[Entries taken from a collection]
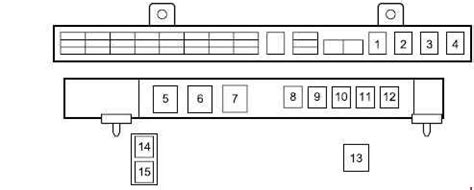 Read or download isuzu npr fuse for free box diagram at erdonline.wavetel.in. Isuzu N-Series fuse box diagram » Fuse Diagram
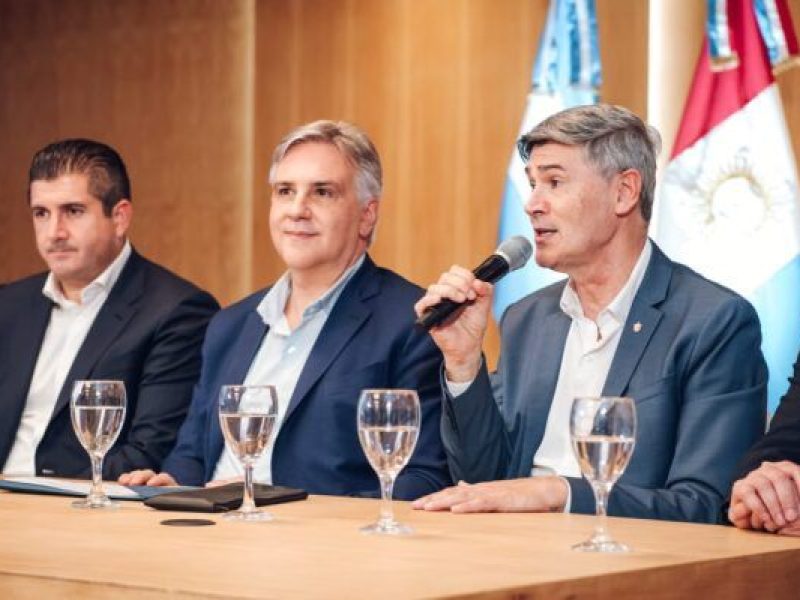 WhatsApp-Image-2025-11-19-at-19.34.43-800x400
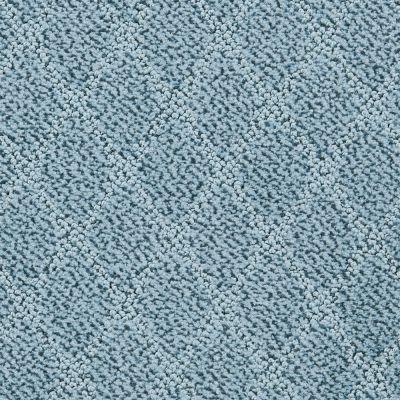 Persuasion Lasting Luxury Lagoon LL_D051K-65523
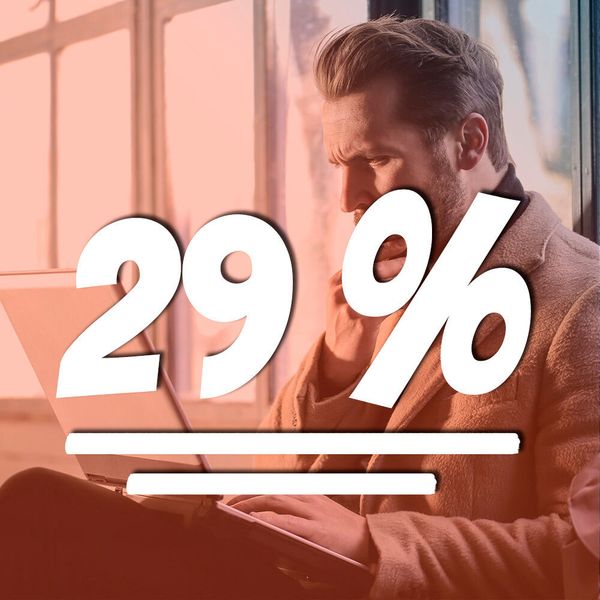 Fehlendes Know-how und Kosten sind die größten Hürden des 3D-Drucks: 53 % der Befragten gaben an, durch Budgeteinschränkungen von einer kompletten Nutzung des 3D-Drucks abgehalten zu werden; bei 29 % ist mangelndes technisches Know-how der Grund dafür.  (gemeinfrei // unsplash)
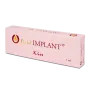 Fluid Implant Kiss Hyaluron-Filler 1 ml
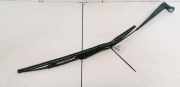 Windschutzscheibe Scheibenwischer Ford Mondeo, 1992.12 - 1996.09 93BG17526A2E,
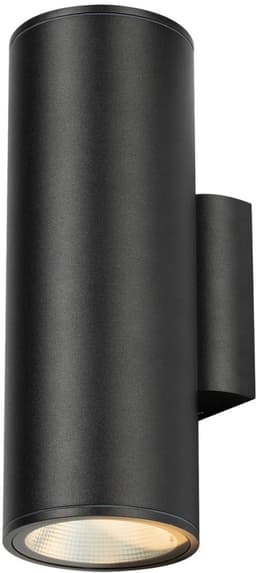 Архитектурная подсветка Shim O303WL-L24GF3K Maytoni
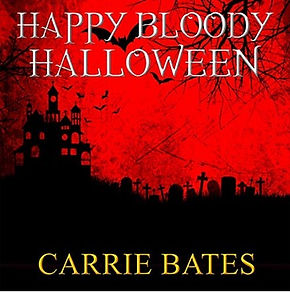 Happy Bloody Halloween.jpg
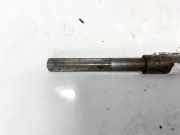 Lenksäule unten Kreuzgelenk Toyota Yaris Verso, 1999.11 - 2005.09 Gebraucht,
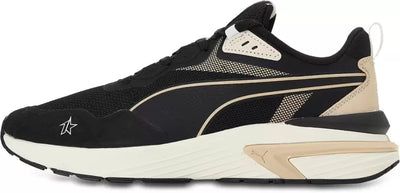 Puma Men X 1DER Supertec Casual Shoes on www.NeosSports.com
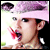 :iconpaintbruxo:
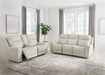 Mindanao Living Room Set - Premium Living Room Set from Ashley Furniture - Just $2447.45! Shop now at Furniture Wholesale Plus  We are the best furniture store in Nashville, Hendersonville, Goodlettsville, Madison, Antioch, Mount Juliet, Lebanon, Gallatin, Springfield, Murfreesboro, Franklin, Brentwood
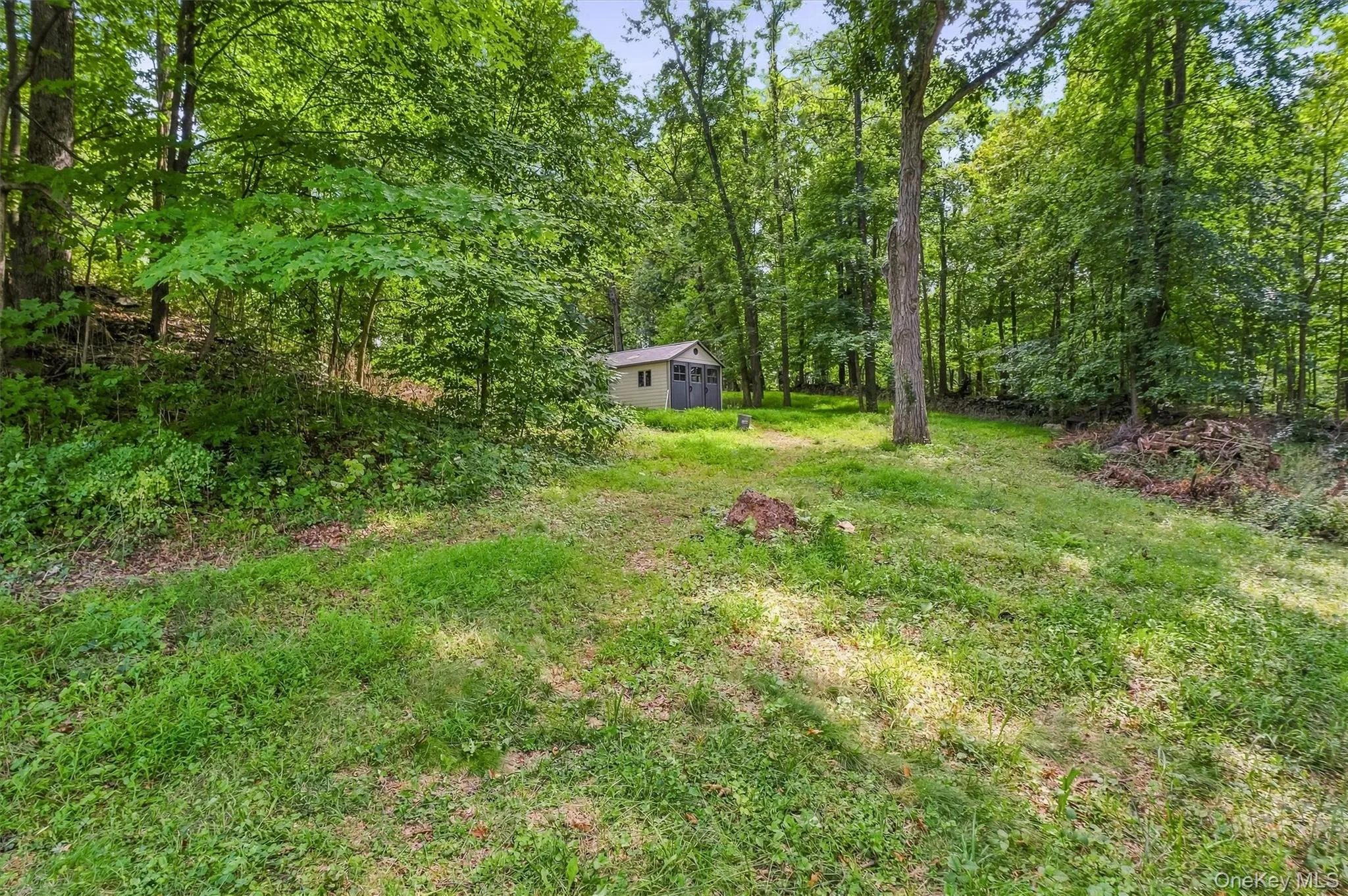 24 Bell Air Lane, Wappinger, NY, 4 Bedrooms Bedrooms, 7 Rooms Rooms,3 BathroomsBathrooms,Residential,For Rent,Bell Air,0,1036875 24 Bell Air Lane, Wappinger, NY, 4 Bedrooms Bedrooms, 7 Rooms Rooms,3 BathroomsBathrooms,Residential,For Rent,Bell Air,0,1036875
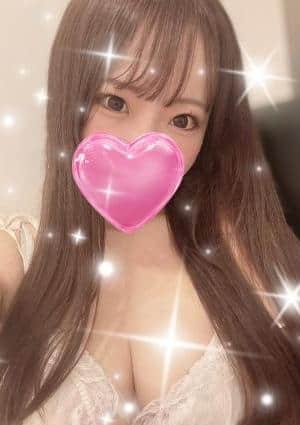 ハピネスKiss なの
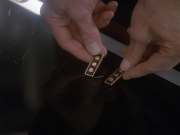 Filename=extant_StarTrek_DS9_4x12-ParadiseLost_03566.jpg
Filesize=138KiB
Dimensions=1200x900
Date added=Oct 21, 2019 extant_StarTrek_DS9_4x12-ParadiseLost_03566.jpg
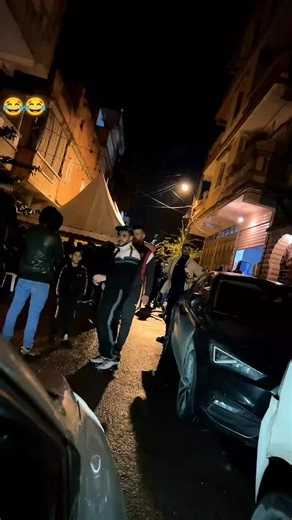 Exploring Khoya: A Cultural Journey Through Spania and Algerie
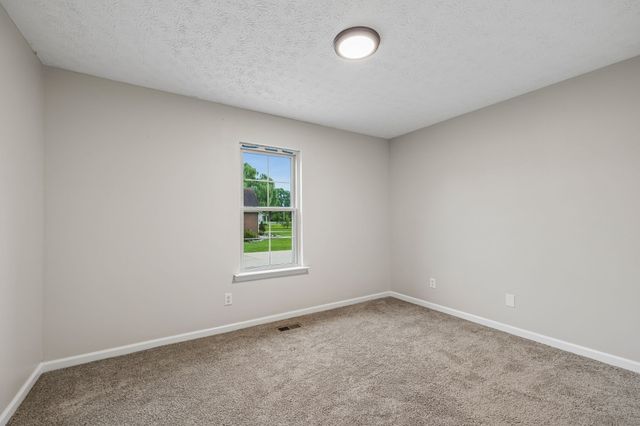 113 Mabry Dr, Murfreesboro, TN 37127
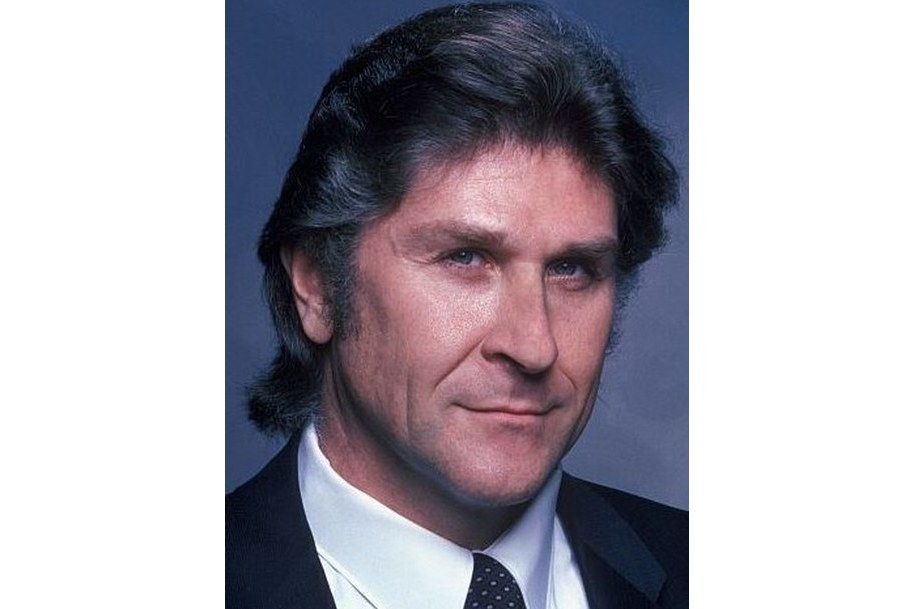Sherrill Milnes Sherrill Milnes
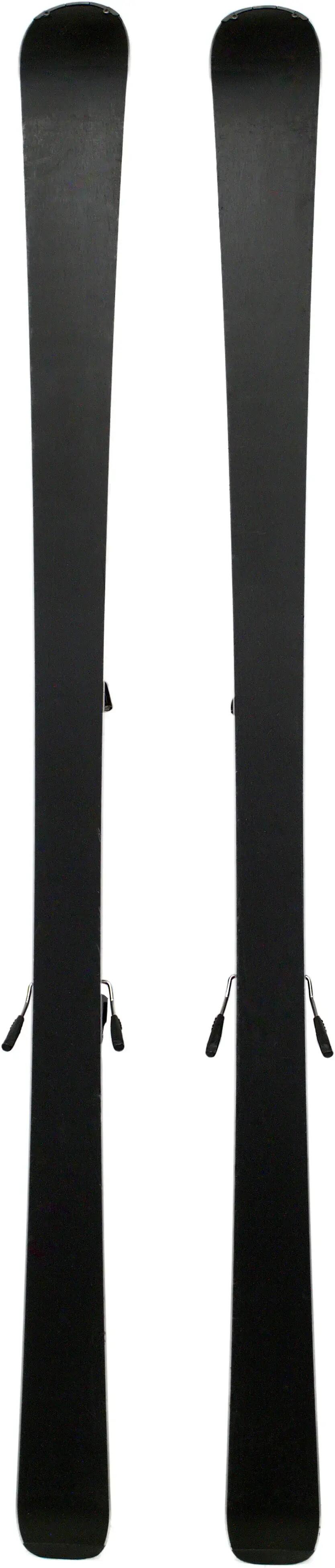 Second life - Narty Elan Element 176cm 5/5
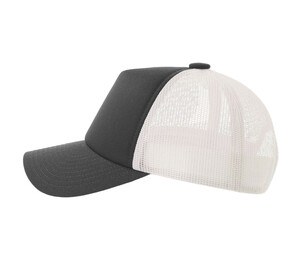 Atlantis Headwear AT279 - Amerikansk cap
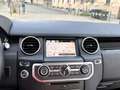 Land Rover Discovery 4 3.0 SDV6 249cv Euro6 auto 4X4 + Ridotte 7P-ti SE Weiß - thumbnail 29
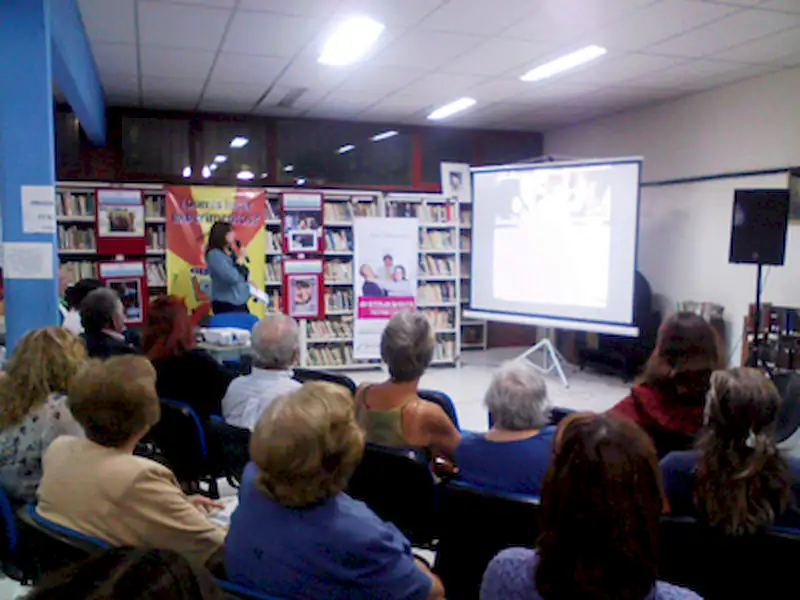 Presentación de Temporada Teatral | Miramarense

Requirement -
Begin at the top of the records above and retype each line exactly until the line containing "Persuasion Lasting Luxury", which is included. Skip all pictures.

Written answer -
 Read or download isuzu npr fuse for free box diagram at erdonline.wavetel.in. Isuzu N-Series fuse box diagram » Fuse Diagram
 WhatsApp-Image-2025-11-19-at-19.34.43-800x400
 Persuasion Lasting Luxury Lagoon LL_D051K-65523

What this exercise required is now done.